A titre d’exemple, au début de son règne, Habré de l’ethnie des Goranes s’était allié aux Zaghawas, l’ethnie de Déby, pour réprimer les autres ethnies et leurs leaders. C’est seulement après que des Zaghawas ont été accusés de tentative de coup d’Etat contre Habré que ce dernier a commencé à s’en prendre à ces derniers ; ce qui a certainement poussé Déby à le déposer en 1992. Qu’ont-ils fait ensemble avant de devenir des ennemis ? Rien ? Sur tout cela les Chambres Spéciales Africaines ont choisi de passer l’éponge pour tout mettre sur le dos de Habré.
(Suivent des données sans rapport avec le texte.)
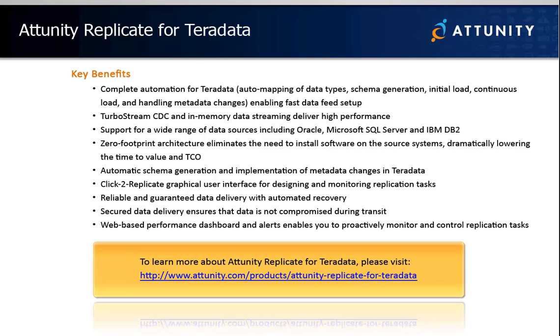Get empowered. Stop waiting on loads of developing and start loading lots of data. Automatically.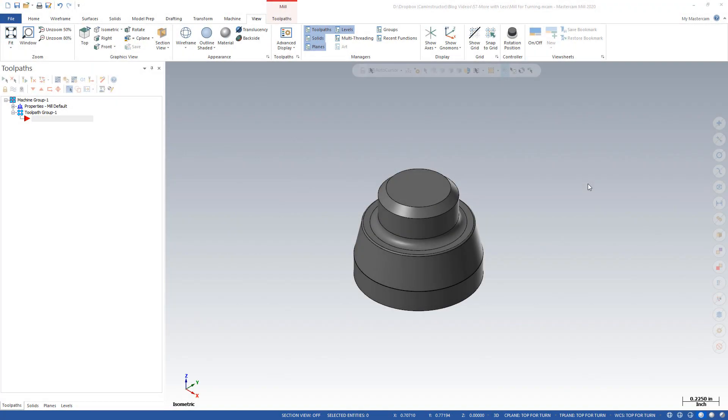So here we are in Mastercam with this little part. Now the problem is number one, we don't have a lathe to machine this on. And number two, since we don't have a lathe, we've had no reason to purchase the lathe product inside of Mastercam. So how can we go about programming this part up in Mastercam to cut this round part on our CNC mill?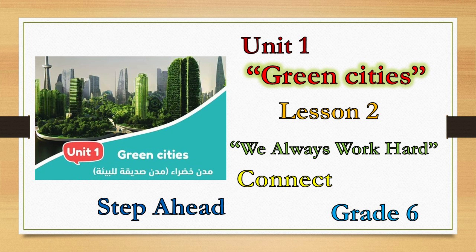Hello Grade 6. Today's lesson: Unit 1, Green Cities, Lesson 2, We Always Work Hard.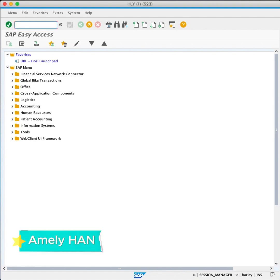Hi, I'm Amelie Han. In this video, we're going to review Vendor Master.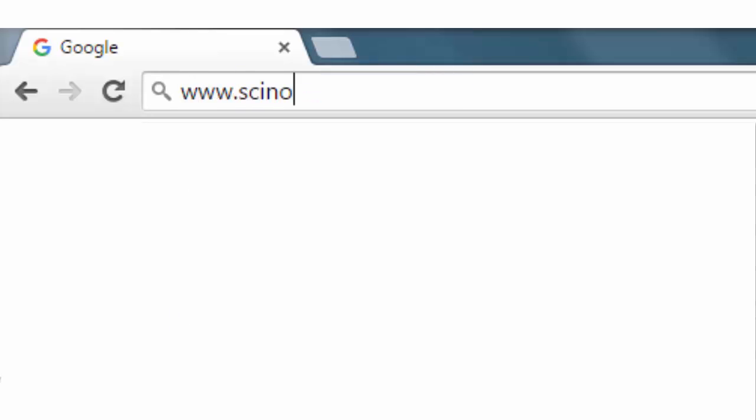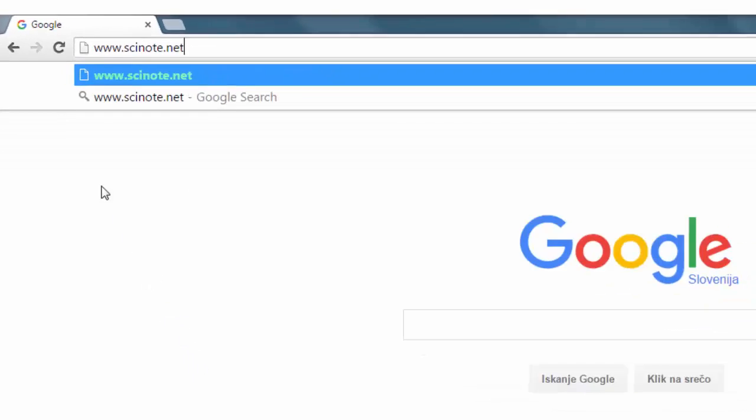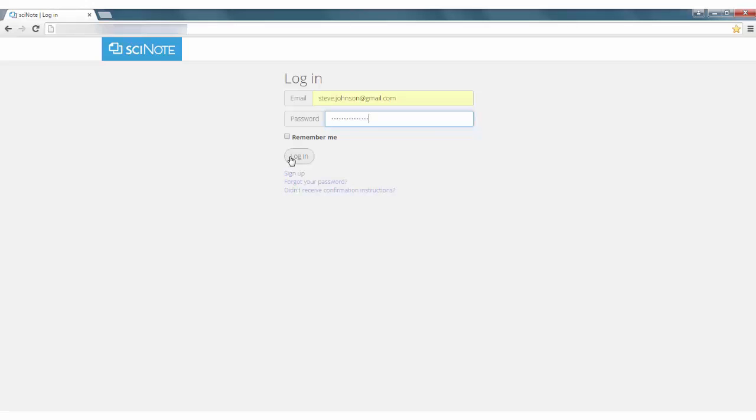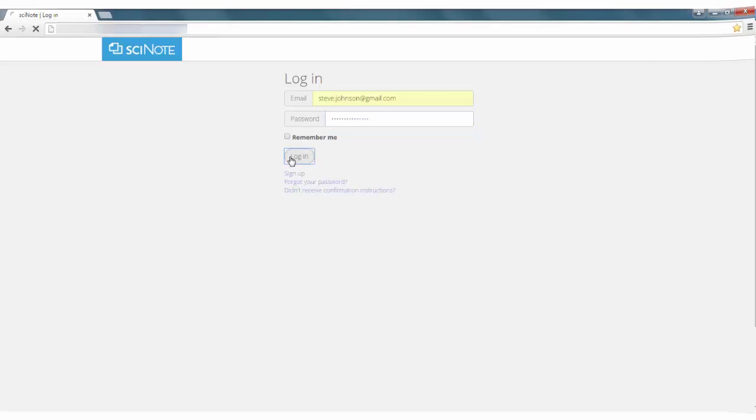To start, go to www.scinote.net and log into your account.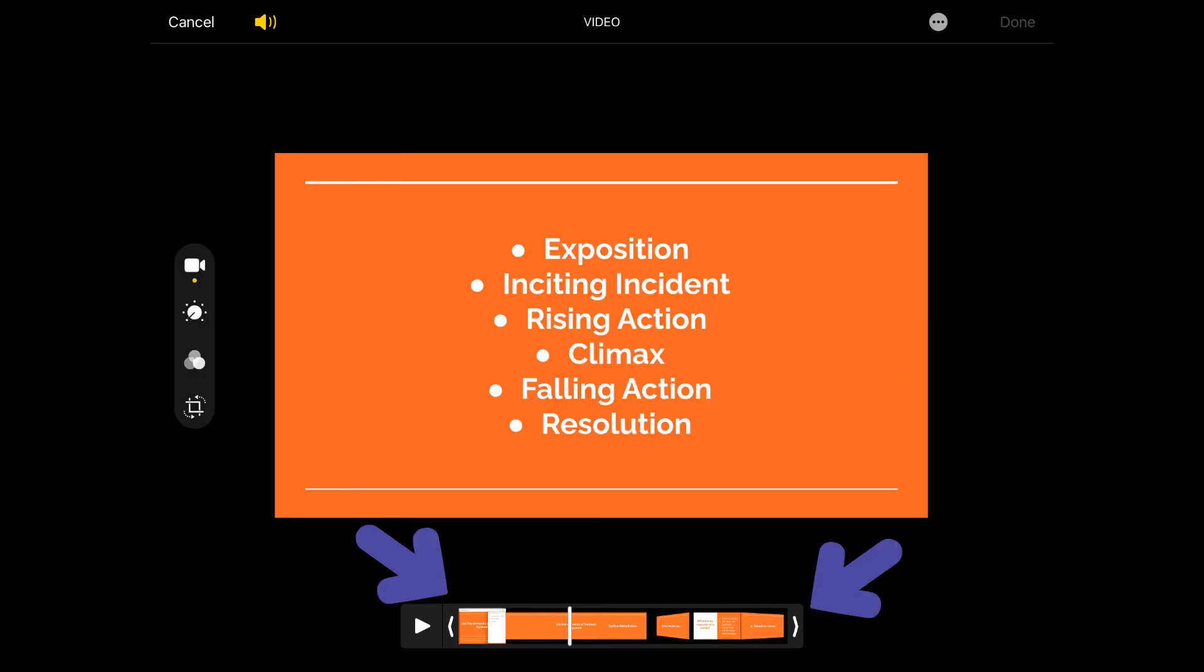And this isn't any intense editing. All you're doing on the bottom is you're going to slide the left and right slides towards the center so that you cut out any of the beginning that was just blank silence or you opening up the slides and getting ready to present.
Qui a franchement bon dos…
Ne perdons pas de vue que Habré a été mis aux arrêts suite à une plainte déposée… en Belgique par des Tchadiens devenus Belges. Et les Tchadiens qui sont restés Tchadiens et qui ont été victimes des autres dirigeants de leur pays ? N’ont-ils pas droit à une justice ? Qui cherche-t-on à protéger ? Qui manipule qui et à quelles fins ?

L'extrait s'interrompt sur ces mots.